One thing we think the Lessig TED talk does brilliantly is clarify the way in which the increasing domination of money in US Congressional elections – or of what Lessig calls the Lesters or the funders in his 18-minute talk – dysfunctionally narrows the range of policy options presented to We the People in general elections. The tiny minority of big funders act as “in the words of the X Files shape shifters,” while freshman Congressmen (and women) are advised to “lean to the green.” (And, Lessig stresses, green in this case does not mean the environment).
Health care in the United States and Canada
Our commentary here does not have any of the Lessig virtues in “We the People, and the Republic we must reclaim.” And we must quickly bring it to an end. The last thing we want to comment quickly on, being Canadians as we are and cannot escape, is just what if anything Lawrence Lessig’s kind of analysis has to do with Canada.
It is at least a commonplace of current Canadian political thought that we do not really have the same kind of problem with money in politics as our American brothers and sisters – for the unhappy (or happy, depending on your point of view) but quite simple reason that there is just nowhere near as much money in Canada as there is in the United States.
It may be true as well that we have had some sensible campaign finance reform (or at least had until Stephen Harper came along). Thus Rick Salutin has recently written that Jean Chretien in his 10 years as Prime Minister of Canada “accomplished exactly one thing: a negative. He avoided the Iraq War. (His electoral finance reform got dismantled by Stephen Harper.)”
Just this past Monday the Nanaimo Daily News (and no doubt other parts of the canada.com network) rather more helpfully explained :“In 2004, Jean Chrétien’s Liberal administration introduced a ban on business and labour donations. Of course, that deprived both parties of the funds needed to run a campaign … To make up the difference, a political subsidy was created. Parties were guaranteed $2.04 from the public purse for each vote they received … The federal Conservative government is now in the process of phasing out this subsidy. But the question remains: How are the lost corporate and union donations to be made up?”
We won’t try to answer this last question. (And note that there are possible public subsidies for presidential but not congressional campaigns in the United States: here is Wikipedia on the current state of the art, in Canada and the United States.) Presumably, however, Lessig would say that Mr. Harper’s decision to phase out this public subsidy in Canada is not a helpful move.
One very final thought does occur to us here.

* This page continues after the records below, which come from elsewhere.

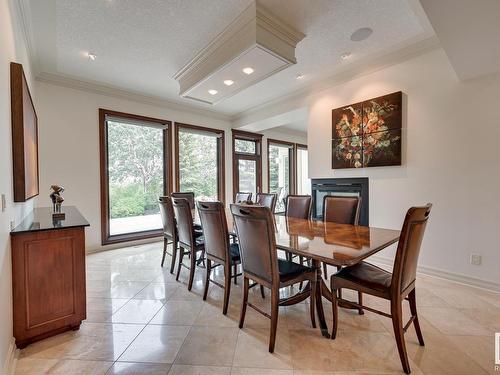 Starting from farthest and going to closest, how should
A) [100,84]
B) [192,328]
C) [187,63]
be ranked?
[100,84] < [187,63] < [192,328]

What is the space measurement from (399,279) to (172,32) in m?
3.17

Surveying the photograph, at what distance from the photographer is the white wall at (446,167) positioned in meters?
2.64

We adopted universal public health care in Canada back in the late 1960s – long before any of the current debates about money in politics anywhere got under way. (And at about the same time that the more partial but still impressive Medicare and Medicaid programs began in the USA.) It does strike us, however, that the lack of our kind of universal public health care option in the recent US debate that ended with Obamacare” (which no one really likes), is probably a good example of the kind of problem Lessig is pointing to. And in the very end we would just second Ezra Klein’s latest short message: “Lawrence Lessig is right, and people should listen to him.”